What happened to my camera?
It's been roughly ten months since I last got to use my dad's old Nikon FM SLR. Ever since Uncle Butch and Auntie Carole gave me that Sony CD Mavica digicam as a belated graduation present, I've mothballed the FM.
Tonight I decided to exercise its internal mechanisms a little. Nothing could prepare me for what my cabinet had in store for me, though.
I was shocked to see blue-green stuff that looked like dried-up toothpaste building on the nooks and crannies of the FM's controls. It certainly looked like either mold or some kind of fungus, which I don't understand because I packed the camera in with packets of dessicant. The bottom had a white powder to it, and some parts of the lower lens mount had become chipped. Apparently this was the result of corrosion damage. The lens-release button had become very hard to push in, and when I did, it wouldn't pop back out on release.
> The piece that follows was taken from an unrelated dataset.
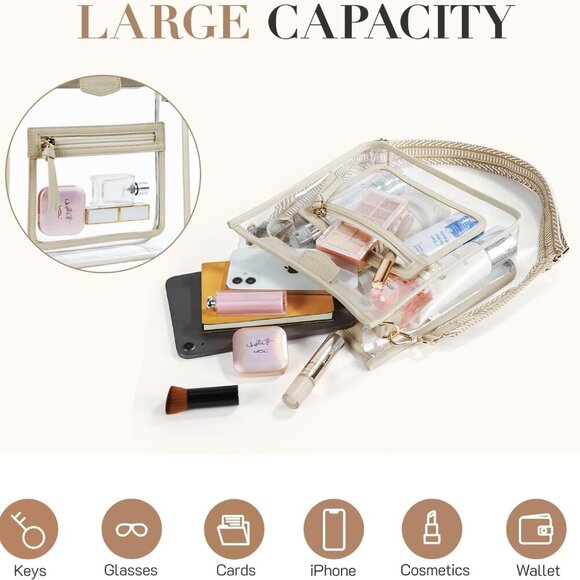 Clear Crossbody Bags for Women Stadium Approved Clear Purse for Concert Transpar - Picture 3 of 8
I felt sorry for the FM. I took out the smallest screwdriver from my Swiss Army knife and tried popping open some screws, but I realized a cleanup job should be left to the professionals along Hidalgo St. in Quiapo. Mechanically the internals are fine; the shutter still works, the film still advances as it should, the meter is as reactive as it's ever been and the lens apertures close down upon shutter release.
It's just the shock of the corrosion and mold/mildew that got me. That was just not supposed to happen with all the dessicant I packed in.